Data records:
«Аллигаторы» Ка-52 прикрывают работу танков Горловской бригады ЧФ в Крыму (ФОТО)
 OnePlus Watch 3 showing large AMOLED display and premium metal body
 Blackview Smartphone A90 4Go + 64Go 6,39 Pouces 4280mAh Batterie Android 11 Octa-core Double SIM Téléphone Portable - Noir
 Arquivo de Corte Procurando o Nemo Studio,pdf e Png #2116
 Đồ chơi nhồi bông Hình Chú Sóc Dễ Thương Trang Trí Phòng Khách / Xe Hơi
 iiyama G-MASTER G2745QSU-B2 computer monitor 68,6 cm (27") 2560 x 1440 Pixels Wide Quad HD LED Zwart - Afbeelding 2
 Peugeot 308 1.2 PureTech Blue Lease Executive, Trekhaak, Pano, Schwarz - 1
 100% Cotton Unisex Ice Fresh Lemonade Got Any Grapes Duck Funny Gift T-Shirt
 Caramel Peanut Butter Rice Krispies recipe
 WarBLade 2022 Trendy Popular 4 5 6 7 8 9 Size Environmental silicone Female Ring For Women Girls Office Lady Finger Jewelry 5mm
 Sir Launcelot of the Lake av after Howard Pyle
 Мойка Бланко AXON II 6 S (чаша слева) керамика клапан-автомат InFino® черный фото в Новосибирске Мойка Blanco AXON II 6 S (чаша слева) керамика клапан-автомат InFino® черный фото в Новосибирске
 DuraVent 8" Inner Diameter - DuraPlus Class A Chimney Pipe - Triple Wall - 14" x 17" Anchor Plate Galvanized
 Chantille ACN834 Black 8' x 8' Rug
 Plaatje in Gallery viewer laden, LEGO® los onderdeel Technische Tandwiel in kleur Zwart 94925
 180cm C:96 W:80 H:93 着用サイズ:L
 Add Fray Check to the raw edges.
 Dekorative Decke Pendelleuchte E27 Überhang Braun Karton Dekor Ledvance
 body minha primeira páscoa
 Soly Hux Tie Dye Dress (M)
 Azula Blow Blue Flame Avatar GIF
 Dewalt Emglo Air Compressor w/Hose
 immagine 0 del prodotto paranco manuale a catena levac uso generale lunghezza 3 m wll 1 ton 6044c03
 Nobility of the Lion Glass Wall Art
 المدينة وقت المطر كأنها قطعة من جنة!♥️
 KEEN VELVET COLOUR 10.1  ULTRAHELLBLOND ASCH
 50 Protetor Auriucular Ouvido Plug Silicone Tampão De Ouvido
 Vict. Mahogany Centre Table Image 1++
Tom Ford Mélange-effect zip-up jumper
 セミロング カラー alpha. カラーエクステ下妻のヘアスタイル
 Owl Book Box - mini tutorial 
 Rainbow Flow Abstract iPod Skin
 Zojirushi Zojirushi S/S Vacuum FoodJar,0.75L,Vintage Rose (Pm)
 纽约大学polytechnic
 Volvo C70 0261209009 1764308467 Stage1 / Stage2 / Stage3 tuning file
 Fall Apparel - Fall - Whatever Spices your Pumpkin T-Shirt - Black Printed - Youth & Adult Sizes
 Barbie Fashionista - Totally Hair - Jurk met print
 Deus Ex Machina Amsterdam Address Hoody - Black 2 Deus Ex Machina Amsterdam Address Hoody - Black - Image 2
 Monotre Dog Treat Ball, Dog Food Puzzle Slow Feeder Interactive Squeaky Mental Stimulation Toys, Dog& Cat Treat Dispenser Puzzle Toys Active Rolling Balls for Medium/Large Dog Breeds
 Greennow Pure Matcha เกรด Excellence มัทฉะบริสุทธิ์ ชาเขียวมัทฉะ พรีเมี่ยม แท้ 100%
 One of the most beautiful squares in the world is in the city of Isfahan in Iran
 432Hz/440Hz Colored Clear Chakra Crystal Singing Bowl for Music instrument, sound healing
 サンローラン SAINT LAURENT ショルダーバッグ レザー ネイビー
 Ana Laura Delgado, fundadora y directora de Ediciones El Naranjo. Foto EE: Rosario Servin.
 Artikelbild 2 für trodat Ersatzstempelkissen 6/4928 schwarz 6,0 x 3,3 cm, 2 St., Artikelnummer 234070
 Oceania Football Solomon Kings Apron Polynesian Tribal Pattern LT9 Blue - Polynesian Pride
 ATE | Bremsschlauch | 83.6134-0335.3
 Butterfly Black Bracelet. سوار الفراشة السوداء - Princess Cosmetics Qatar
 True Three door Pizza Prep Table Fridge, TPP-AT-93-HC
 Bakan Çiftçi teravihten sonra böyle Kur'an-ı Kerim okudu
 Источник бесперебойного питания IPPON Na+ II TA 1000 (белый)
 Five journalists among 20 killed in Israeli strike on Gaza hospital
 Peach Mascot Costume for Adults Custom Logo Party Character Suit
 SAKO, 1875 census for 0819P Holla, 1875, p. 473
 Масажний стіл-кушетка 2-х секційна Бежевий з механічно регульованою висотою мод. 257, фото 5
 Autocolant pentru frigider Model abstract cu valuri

What is being asked:
Find the lines above with the word "Wall". Copy them out.

Answer section:
 DuraVent 8" Inner Diameter - DuraPlus Class A Chimney Pipe - Triple Wall - 14" x 17" Anchor Plate Galvanized
 Nobility of the Lion Glass Wall Art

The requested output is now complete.